Extracted information –
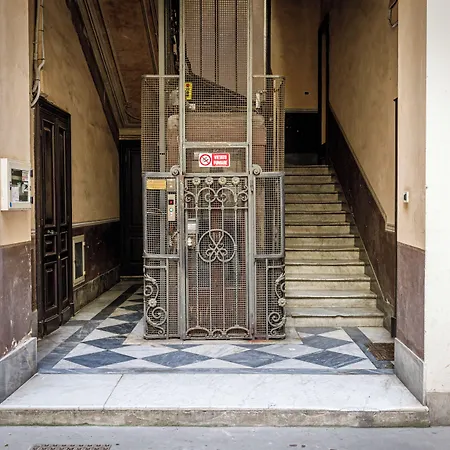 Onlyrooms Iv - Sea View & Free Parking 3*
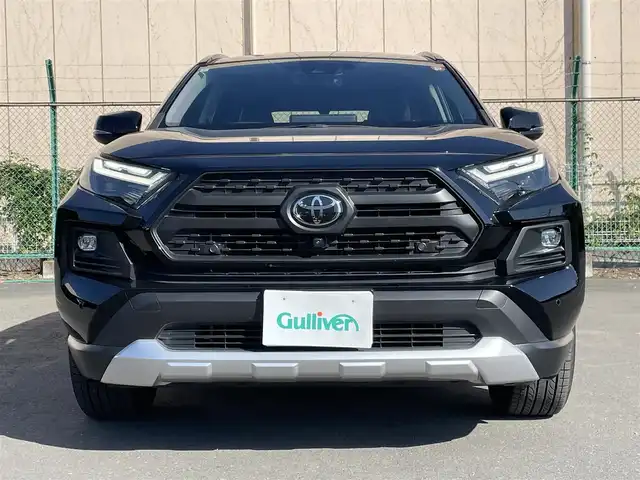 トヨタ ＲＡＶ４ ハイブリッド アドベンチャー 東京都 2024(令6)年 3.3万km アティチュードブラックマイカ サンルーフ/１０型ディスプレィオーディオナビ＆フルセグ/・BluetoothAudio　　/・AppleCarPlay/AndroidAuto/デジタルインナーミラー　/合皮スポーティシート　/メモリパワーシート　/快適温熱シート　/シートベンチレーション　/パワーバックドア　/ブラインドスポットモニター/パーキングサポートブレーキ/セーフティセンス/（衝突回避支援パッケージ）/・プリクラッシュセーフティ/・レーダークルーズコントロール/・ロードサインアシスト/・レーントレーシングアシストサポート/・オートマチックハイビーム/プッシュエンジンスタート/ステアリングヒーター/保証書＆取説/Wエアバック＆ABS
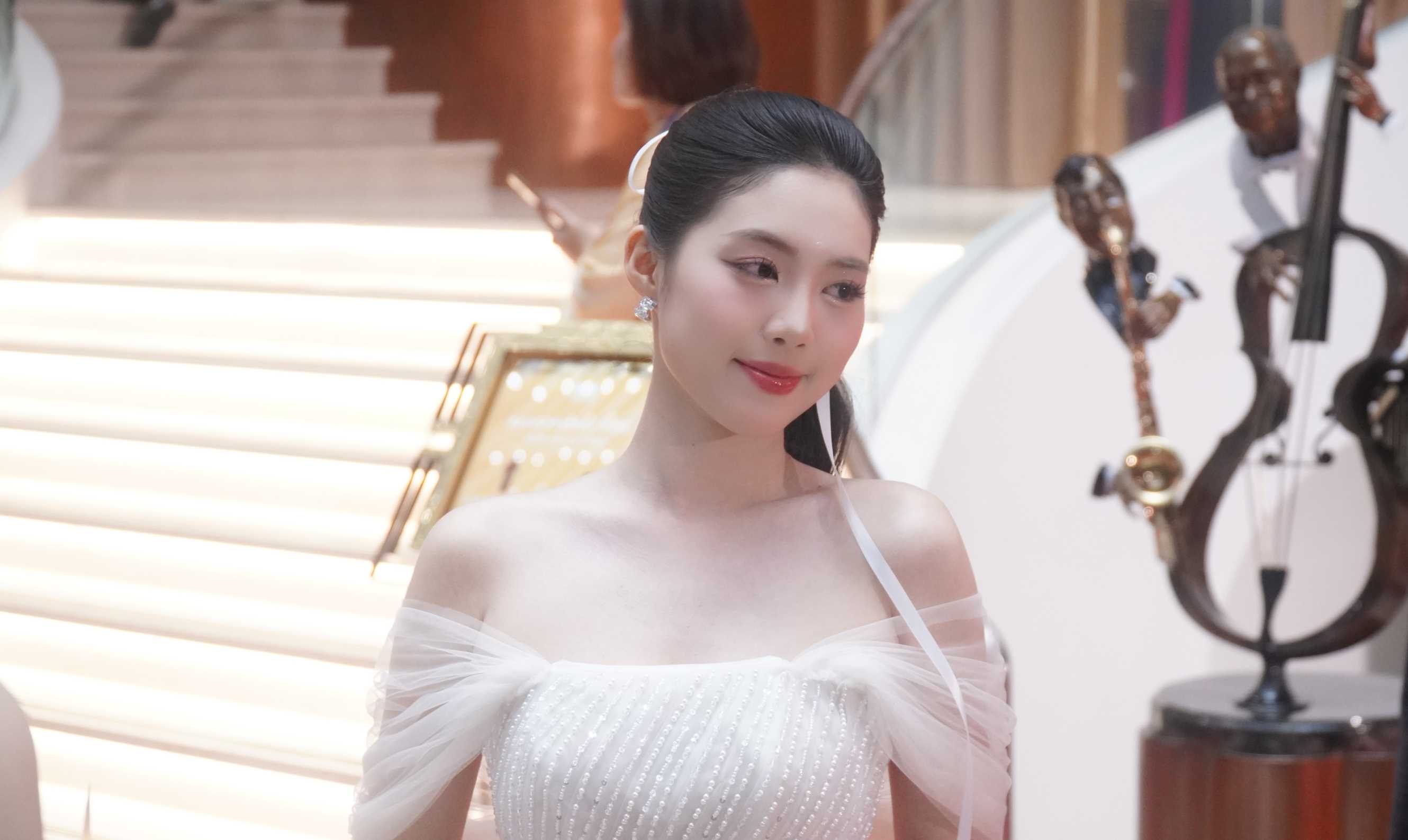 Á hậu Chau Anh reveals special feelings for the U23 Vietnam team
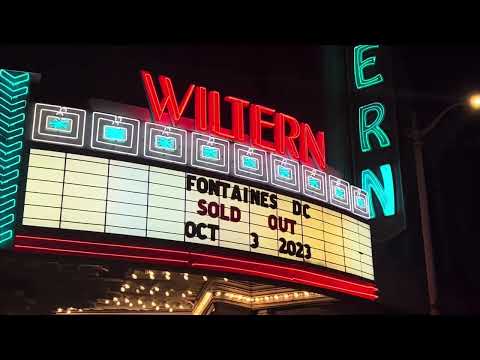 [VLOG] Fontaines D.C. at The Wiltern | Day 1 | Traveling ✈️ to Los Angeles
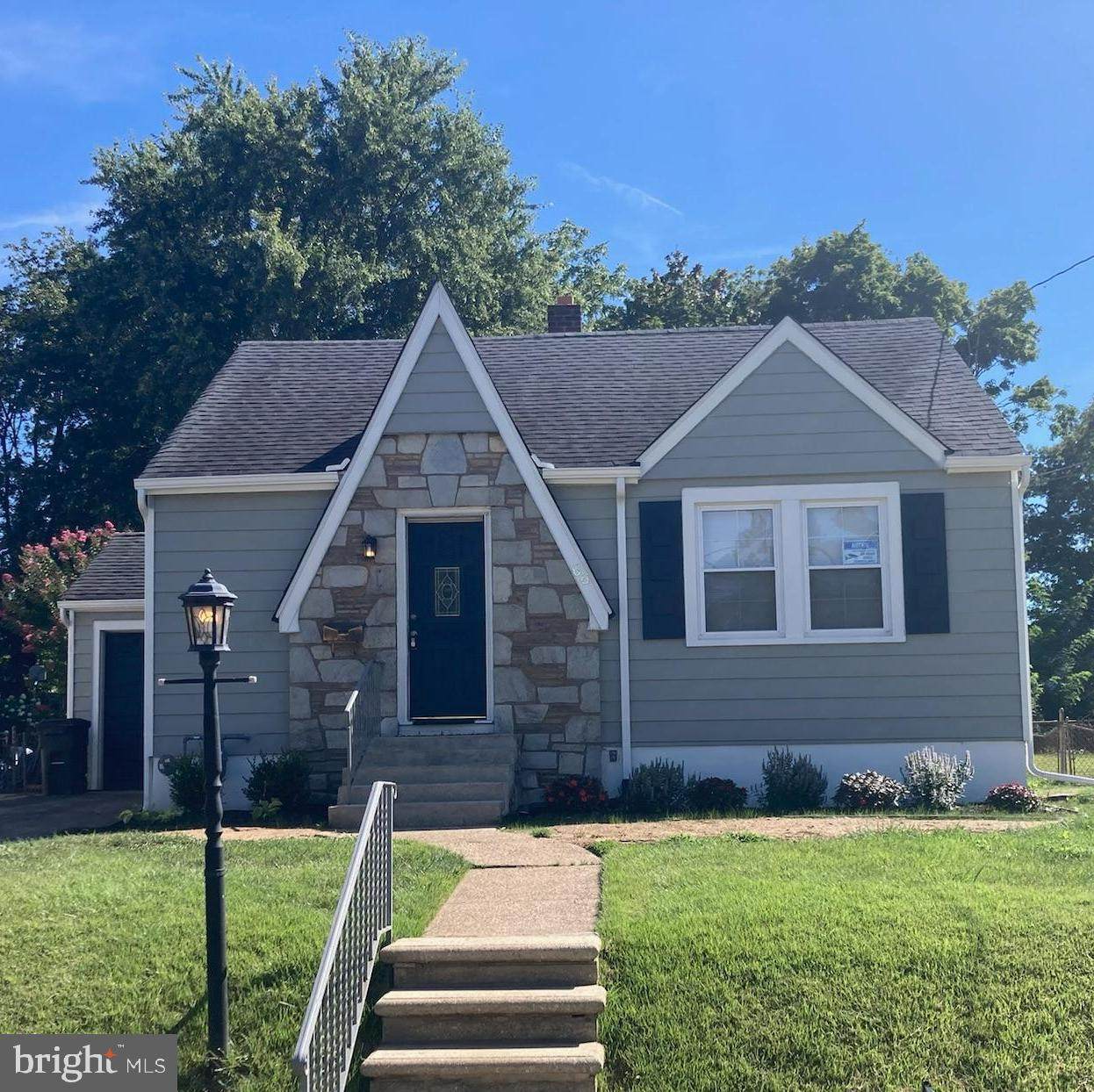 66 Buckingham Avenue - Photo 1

* * *

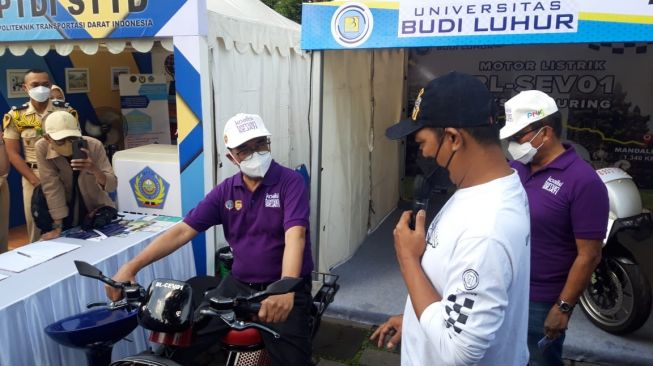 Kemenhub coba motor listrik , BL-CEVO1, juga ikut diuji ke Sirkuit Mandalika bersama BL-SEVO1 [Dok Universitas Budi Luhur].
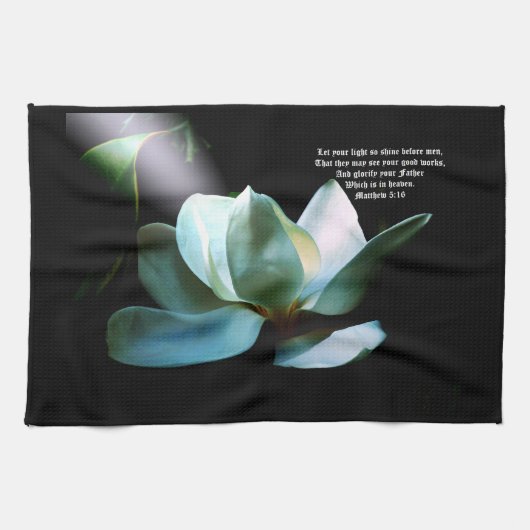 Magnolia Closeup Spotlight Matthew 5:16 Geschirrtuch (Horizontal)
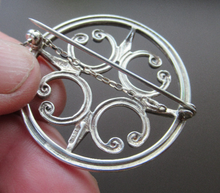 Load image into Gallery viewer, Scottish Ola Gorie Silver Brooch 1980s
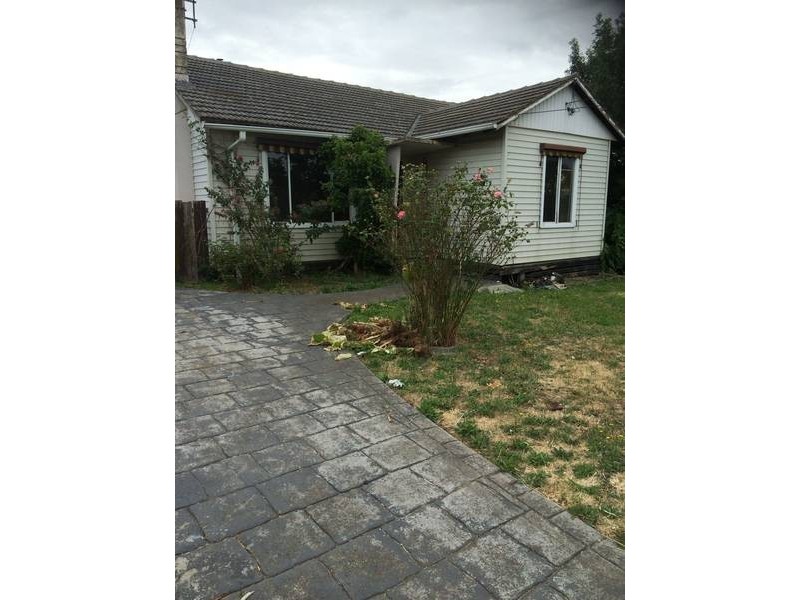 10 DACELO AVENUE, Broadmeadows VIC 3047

Directions – Leave out the images and write out the lines above exactly, from the one with "Kemenhub coba motor" up to and including the one with "10 DACELO AVENUE, Broadmeadows VIC 3047".

Written response –
 Kemenhub coba motor listrik , BL-CEVO1, juga ikut diuji ke Sirkuit Mandalika bersama BL-SEVO1 [Dok Universitas Budi Luhur].
 Magnolia Closeup Spotlight Matthew 5:16 Geschirrtuch (Horizontal)
 Load image into Gallery viewer, Scottish Ola Gorie Silver Brooch 1980s
 10 DACELO AVENUE, Broadmeadows VIC 3047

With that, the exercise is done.